Sunday May 31, 2009

Clearview IPMP in Production

When I was first getting obsessed with programming in my early teens, I recall waking up on many a Saturday to the gleeful realization I had the whole day to improve some crazy piece of home-grown software. Back then, the excitement was simply in the journey itself -- I was completely content in being the entire userbase.

Of course I still love writing software (though the idea of being able to devote a whole day to it seems quaint) -- but it pales in comparison to the thrill of knowing that real people are using that software to solve their real problems. Unfortunately, with enterprise-class products such as Solaris, release schedules have historically meant that a completed project may have to wait years until it gets to solve its first real-world problem. By then, several other projects may have run their course and I'm invariably under another one's spell and not in the right frame of mind to even reminisce, let alone rejoice.

Thankfully, times have changed. First, courtesy of OpenSolaris's ipkg /dev repository, only a few weeks after January's integration, Clearview IPMP was available for bleeding-edge customers to experiment with (and based on feedback I've received, quite a few have successfully done so). Second, for the vast majority who need a supported release, Clearview IPMP can now be found in the brand-new OpenSolaris 2009.06 release. Third, thanks to the clustering team, Clearview IPMP also works with the current version of OpenSolaris Open HA Cluster.

Further, there is one little-known but immensely important release vehicle for Clearview IPMP: the Sun Storage 7000 Q2 release. Indeed, in the months since the integration of Clearview IPMP, I've partnered with the Fishworks team on getting all of the latest and greatest networking technologies from OpenSolaris into the Sun Storage 7000 appliances. As such, the Q2 release contains all of the Solaris networking projects delivered up to OpenSolaris build 106 (most notably Volo and Crossbow), plus Clearview IPMP from build 107. Of course, these projects also open up a range of new opportunities for the appliance -- especially around Networking QoS and simplified HA configuration -- which will find their way into subsequent quarterly releases.

Needless to say, all of this is immensely satisfying for me personally -- especially the idea that some of our most demanding enterprise customers are relying on Clearview IPMP to ensure their mission-critical storage remains available when networking hardware or upstream switches fail. As per my blog entry announcing Clearview IPMP in OpenSolaris, it's clear I'm a proud parent, but given the thrashing we've given it internally and its track-record thus far with customers, I'm confident it's ready for prime time.

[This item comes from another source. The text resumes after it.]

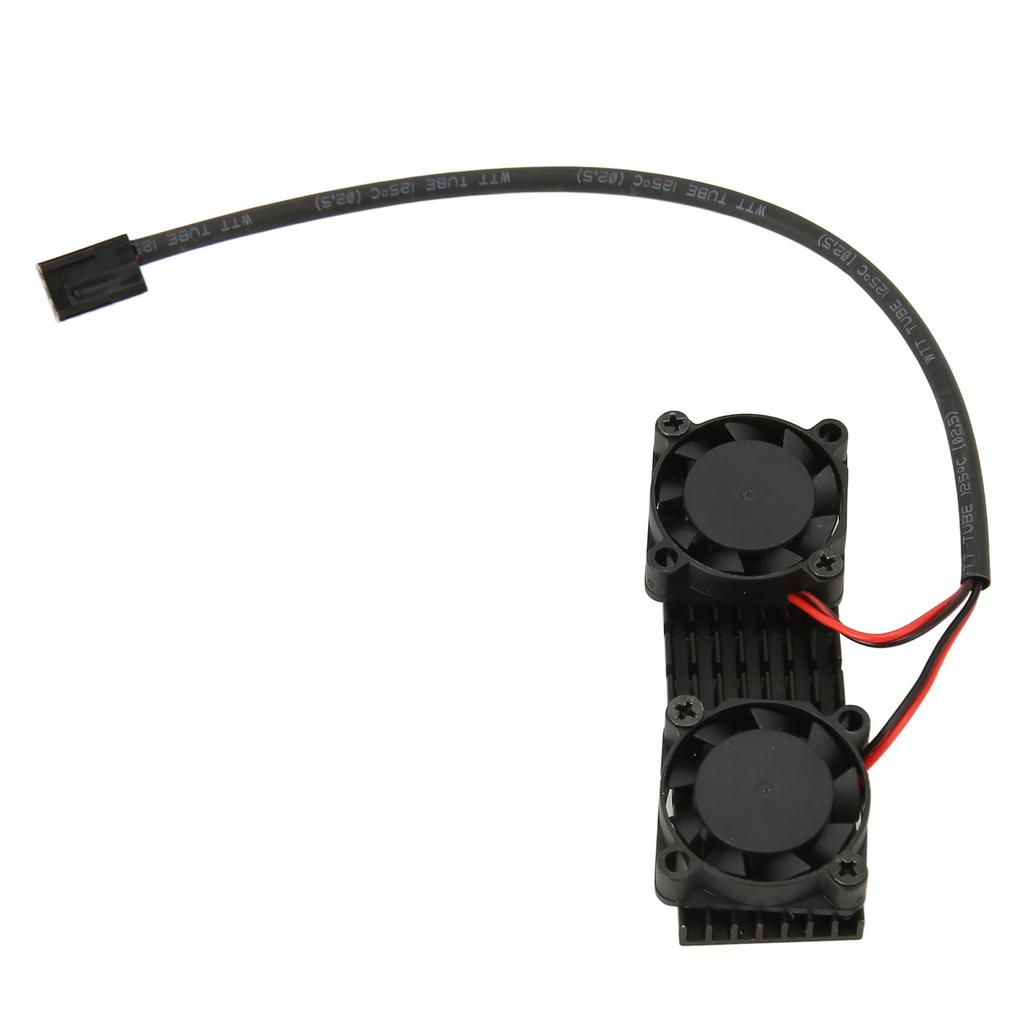 M.2 2280 SSD Heatsink 3pin Power Aluminium Alloy ABS 2 Cooling Fans M.2 2280 SSD Cooler for Desktop Computer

For those exploring IPMP for the first time, Xiang Zhou (the co-author of its extensive test suite) has put together a great blog entry, including step-by-step instructions. Additionally, Raoul Carag and I extensively revised the IPMP administrative overview and IPMP tasks guide.

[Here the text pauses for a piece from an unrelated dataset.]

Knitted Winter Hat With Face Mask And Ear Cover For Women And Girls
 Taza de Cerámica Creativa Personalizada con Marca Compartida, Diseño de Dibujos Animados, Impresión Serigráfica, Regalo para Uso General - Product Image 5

Those familiar with Solaris 10 IPMP may wish to check out a short slide deck that highlights the core differences and new utilities (if nothing else, I'd recommend scanning slides 12-21).

Have fun -- and of course, I (and the rest of the Clearview team) am eager to hear how it stacks up against your real-world networking high-availability problems!

Tuesday May 12, 2009

Hunting Cruft

It's no secret that I am borderline-O.C.D. in many aspects of my life -- and especially so when it comes to developing software. However, large-scale software development is inherently a messy process, and even with the most disciplined engineering practices, remnants from aborted or bygone designs often remain, lying in wait to confuse future developers.

Thankfully, many of the more obvious remnants can be identified with automated programs. For instance, the venerable lint utility can identify unused functions within an application. Many moons ago, I applied a similar concept to the OS/Net nightly build process with a utility called findunref that allows us to automatically identify files in the source tree that are not used during a build. (Frighteningly, it also identified 1100 unreferenced files in the sourcebase. That is, roughly 4% of the files we were dutifully maintaining had no bearing whatsoever on our final product. Of course, some of these should have been used, such as disconnected localization files and packaging scripts.)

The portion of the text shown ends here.